Table 3: Propensity score matching analysis to evaluate the relationships between quartiles of serum fibrinogen levels and poor renal outcomes

Quartiles of fibrinogen

Model 1

Model 2

Model 3

OR

95% CI

p-value

OR

95% CI

p-value

OR

95% CI

p-value

Q1

1.0

(Reference)

1.0

(Reference)

1.0

(Reference)

Q2

3.5

0.98–16.6

0.071

2.9

0.6–16.5

0.187

2.6

0.5–15.3

0.258

Q3

15.0

4.8–66.8

< 0.001

9.6

2.4–51.7

0.003

8.9

2.1–49.9

0.005

Q4

27.0

8.8–118.5

< 0.001

14.0

3.2–80.2

0.001

13.0

3.0–80.3

0.001

Model 1 is a univariate analysis model. Model 2 is adjusted for the following clinical parameters: age, TC, TG, LDL-C, Scr, Upro, ALB, UA, Hb, BMI, SBP, and DBP. Model 3 is adjusted for the above-mentioned clinical parameters and MEST-C scores.

DISCUSSION

The serum fibrinogen level has recently been confirmed to be associated with poor outcomes in patients with CKD [8, 9]. However, to the best of our knowledge, our study constitutes the first multicenter, real-world study that enrolled a large cohort and performed long-term follow-up to assess the role of the serum fibrinogen level at the time of renal biopsy in early prognosis prediction and to determine whether the serum fibrinogen level can be used to identify treatment options for patients with IgAN.

Fibrinogen is a large hexameric plasma glycoprotein synthesized in the liver, and its levels are significantly increased in patients with acute inflammatory conditions. Fibrinogen is considered a key regulator of inflammation in disease [10]. Previous studies have confirmed that fibrinogen binds to different integrin receptors expressed in leukocytes, macrophages, mononuclear cells, platelets, and other inflammatory cells, and fibrinogen activates cell signaling pathways, such as the nuclear factor κB (NF-κB) and mitogen-activated protein kinase (MAPK) signaling pathways, to promote transforming growth factor β (TGF-β) synthesis and activation and subsequently enhance inflammatory processes [11, 12]. These inflammatory pathways and inflammatory factors have also been confirmed to be key mediators of renal inflammation and fibrosis [13, 14]. Fibrinogen directly stimulates normal rat kidney interstitial fibroblast proliferation in vitro in a dose-dependent manner, and fibrinogen deficiency significantly protects a mouse model of unilateral urethral obstruction from interstitial damage and tubular disruption, attenuates collagen accumulation, and substantially reduces de novo expression of α-smooth muscle actin in the obstructed kidney [15]. In a mouse model heterozygous for modified fibrinogen (< 75% of the normal plasma fibrinogen levels), only 3% of animals exhibited kidney interstitial fibrosis and tubular atrophy compared with 24% of wild-type mice [14]. As a damage-associated mitogenic signal, fibrinogen also directly damages podocytes, leading to glomerular sclerosis and promoting glomerular mesangial cell proliferation and tubulointerstitial fibrosis [1520].

The Chronic Renal Insufficiency Cohort (CRIC) Study investigated a variety of inflammatory factors in plasma, such as interleukin-1 (IL-1), IL-1 receptor antagonist, IL-6, tumor necrosis factor-α, transforming growth factor-β, high-sensitivity C-reactive protein, and fibrinogen and showed that elevated serum fibrinogen levels are associated with a rapid loss of kidney function in patients with CKD [21]. According to other clinical studies, higher serum fibrinogen levels are associated with a lower estimated glomerular filtration rate (eGFR) in patients with CKD [2224]. In our cohort, we found a significant correlation between the serum fibrinogen and CRP levels (Pearson’s correlation coefficient = 0.44, p-value < 0.001) at the time of renal biopsy.

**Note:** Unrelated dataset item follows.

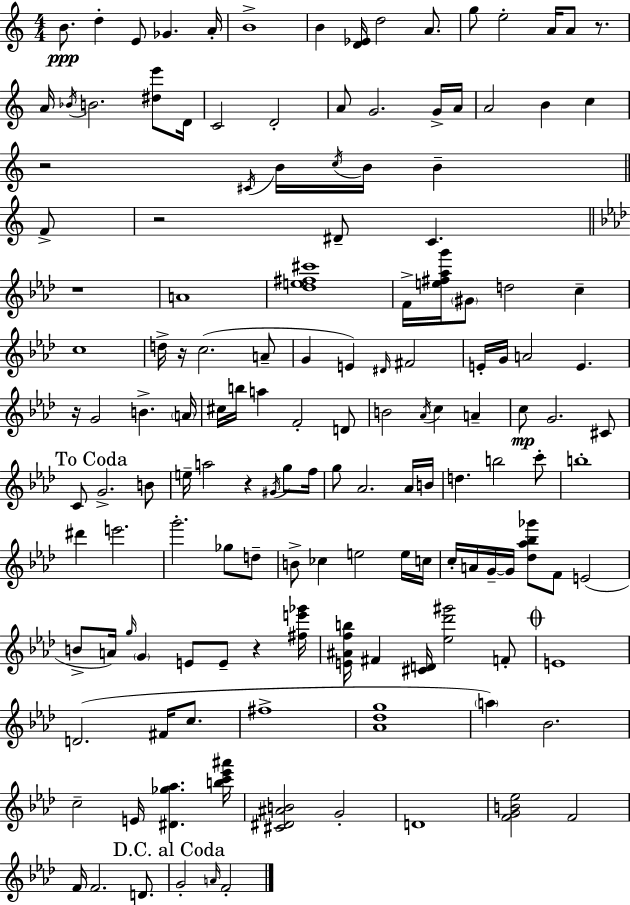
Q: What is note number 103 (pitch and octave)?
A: E4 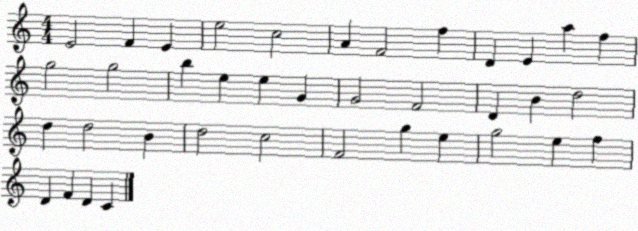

In our study, the incidences of a 50% decrease in the eGFR and the development of ESRD were significantly higher, and the 5- and 10-year kidney survival rates were significantly lower in patients with IgAN who displayed higher serum fibrinogen levels than in patients with lower serum fibrinogen levels. It is acknowledged that the presence of cellular crescents is an acute pathological indicator of renal damage [25]. However, only those patients who did not receive immunosuppressive therapy showed a statistically significant association between crescents and poor renal outcomes [26, 27]. In our cohort, a higher proportion of patients with a C1 score received treatment with glucocorticoids and CTX compared with patients with a C0 score (59.7% vs. 41.6% and 9.3% vs. 5.3%, p-values < 0.001 and 0.67, respectively). Therefore, the protective effect of the C score might be due to the fact that patients with a C1 score are more likely to receive aggressive immunosuppressive therapies. It has been suggested that patients with obvious inflammatory activity should be administered aggressive immunosuppressive therapy. Multivariate Cox proportional hazard models adjusted for clinical factors and histopathological risk factors according to the Oxford classification of IgAN also confirmed that elevated fibrinogen levels at the time of renal biopsy are an independent risk factor for poor prognoses of patients with IgAN, and the predictive ability of this factor might be stronger than those of the serum creatinine levels and urinary protein excretion, which are considered clinical risk factors that strongly predict IgAN. A propensity score matching analysis was performed to reduce the bias associated with treatments and follow-up time, and the results further confirmed that higher serum fibrinogen levels are associated with a higher incidence of poor kidney outcomes.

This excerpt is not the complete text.